Fitzgerald Seeking FEC Clarification
As he continues to pay off outstanding loans he made to his 1998 Senate bid, Sen. Peter Fitzgerald (R-Ill.) has asked election officials to determine if those personal contributions could cause the so-called “millionaires’ amendment” to kick in for his 2004 re-election campaign.
Late last month, Fitzgerald campaign treasurer Richard Roggeveen wrote to the Federal Election Commission asking for an advisory opinion on the matter.
“Subsequent to the 1998 general election and prior to January 1, 2003, the candidate used personal funds to pay the interest on Fitzgerald for Senate, Inc.’s bank loans left over [from] the 1998 campaign,” Roggeveen wrote. “The candidate, using his personal funds, paid the bank directly as the interest on the Committee’s bank loan became due.”

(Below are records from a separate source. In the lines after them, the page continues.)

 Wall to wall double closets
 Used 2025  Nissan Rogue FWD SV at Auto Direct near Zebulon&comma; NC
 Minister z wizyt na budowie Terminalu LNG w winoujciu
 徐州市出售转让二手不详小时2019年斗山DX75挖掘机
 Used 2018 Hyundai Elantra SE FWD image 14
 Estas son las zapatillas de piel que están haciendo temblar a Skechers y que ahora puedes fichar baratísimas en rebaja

Now the committee wants to know if the “continued practice” of making these in-kind contributions after Jan. 1 to pay the interest on the 1998 loans will constitute an “expenditure from personal funds.”

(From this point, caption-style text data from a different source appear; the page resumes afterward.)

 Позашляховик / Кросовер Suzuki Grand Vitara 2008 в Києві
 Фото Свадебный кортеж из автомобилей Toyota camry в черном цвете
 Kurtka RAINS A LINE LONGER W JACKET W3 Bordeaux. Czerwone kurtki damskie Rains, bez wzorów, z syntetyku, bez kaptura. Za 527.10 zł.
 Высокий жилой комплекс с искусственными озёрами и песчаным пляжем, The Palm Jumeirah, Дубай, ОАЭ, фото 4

Fitzgerald’s campaign had made close to $5.9 million in loan repayments by the end of the 2002 cycle, according to FEC records.

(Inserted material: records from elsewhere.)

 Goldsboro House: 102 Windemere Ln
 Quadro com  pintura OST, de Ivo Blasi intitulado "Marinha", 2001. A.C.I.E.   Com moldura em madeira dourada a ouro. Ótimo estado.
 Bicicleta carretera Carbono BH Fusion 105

As of Dec. 31, 2002, Fitzgerald listed a remaining balance of $2.1 million on an original $8 million loan to his campaign from LaSalle National Bank in Chicago, according to FEC records.
His campaign filings also listed another $22,500 Fitzgerald still owed to himself, as well as $750,000 in loans made solely from personal funds that have been “forgiven to date.”
Under the new campaign finance law that went into effect this election cycle, the FEC is keeping a close watch on the amount of personal funds that candidates pump into their own campaigns.
In an attempt to level the playing field, the so-called millionaire provision crafted by Congress increases the contribution limits for opponents of wealthy, self-financed candidates.
For House candidates, those limits on individual contributions triple once an opponent pumps $350,000 in personal funds into his or her war chest.
For Senate campaigns, a complicated formula that takes into account each state’s voting-age population must be used to determine when, and by how much, the contribution limits are raised.
While it’s unclear whether Fitzgerald — a wealthy businessman who bankrolled his first Senate campaign — intends to pump as much money into his 2004 re-election campaign, he might not have much of a choice.
Considered one of the most vulnerable Senate incumbents in 2004, Fitzgerald could face a primary challenge from Andrew McKenna, a GOP business executive, and if he survives that test could find himself face to face with another multimillionaire.
Democrat Blair Hull — the chairman and CEO of a Chicago-based securities brokerage firm — has already dumped more than $1 million into his Senate bid in a hotly contested Democratic primary and has promised to spend upwards of $20 million combined in his primary and the general election if he makes it that far.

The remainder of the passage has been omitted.